> _Input data_
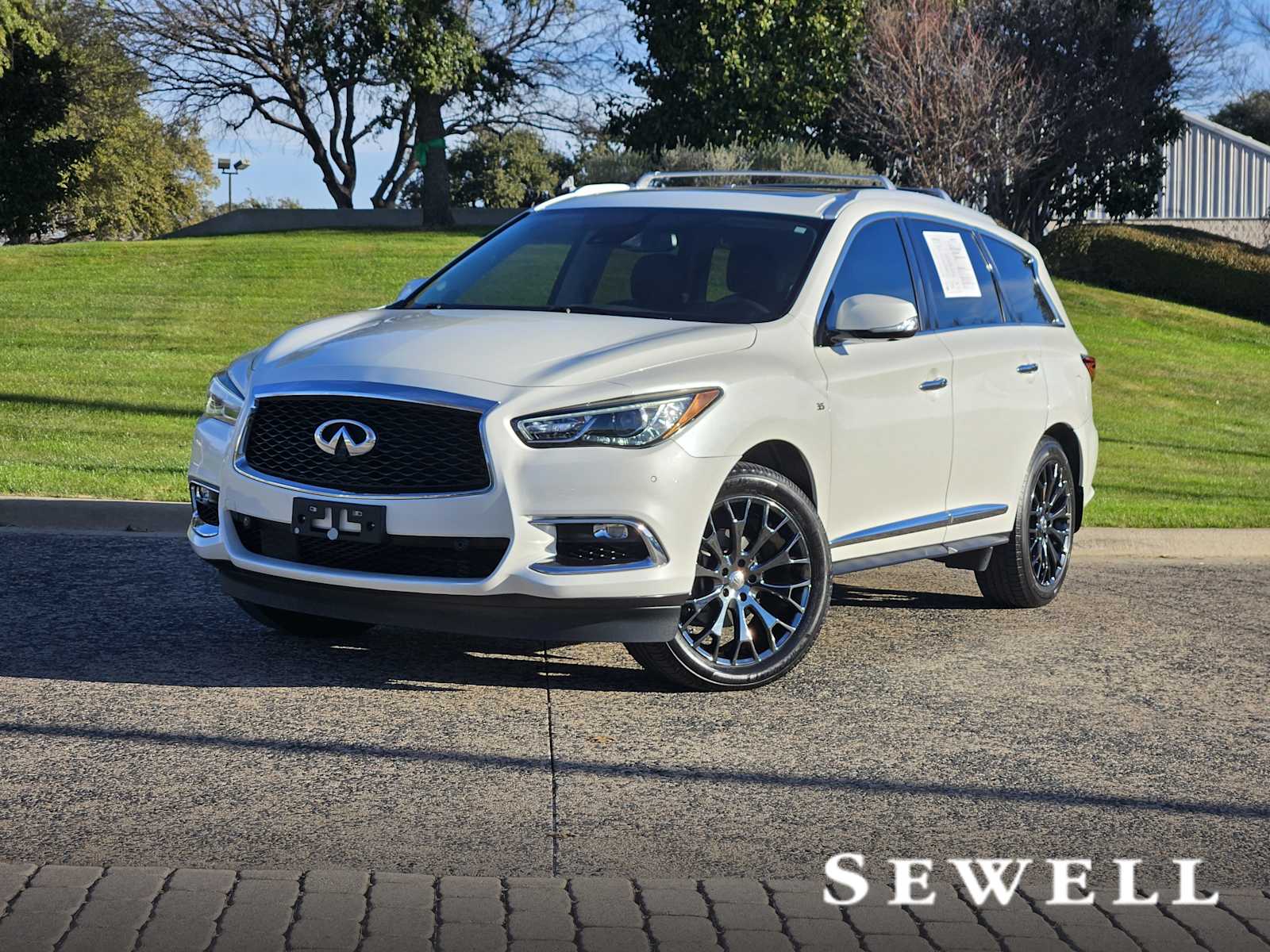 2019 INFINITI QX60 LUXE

...

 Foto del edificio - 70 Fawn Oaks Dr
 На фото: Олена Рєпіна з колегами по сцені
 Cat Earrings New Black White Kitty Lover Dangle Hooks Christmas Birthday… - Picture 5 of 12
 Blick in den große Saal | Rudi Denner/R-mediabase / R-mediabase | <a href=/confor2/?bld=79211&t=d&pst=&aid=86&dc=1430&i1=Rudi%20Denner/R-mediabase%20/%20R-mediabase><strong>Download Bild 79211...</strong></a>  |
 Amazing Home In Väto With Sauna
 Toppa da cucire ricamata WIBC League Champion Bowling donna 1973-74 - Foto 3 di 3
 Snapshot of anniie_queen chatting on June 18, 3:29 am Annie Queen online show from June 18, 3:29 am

> _What is needed_
Copy out, exactly and alone, the lines of the entries above between the ones holding "Toppa da cucire" and "Snapshot of anniie_queen", inclusive.

> _Written solution_
 Toppa da cucire ricamata WIBC League Champion Bowling donna 1973-74 - Foto 3 di 3
 Snapshot of anniie_queen chatting on June 18, 3:29 am Annie Queen online show from June 18, 3:29 am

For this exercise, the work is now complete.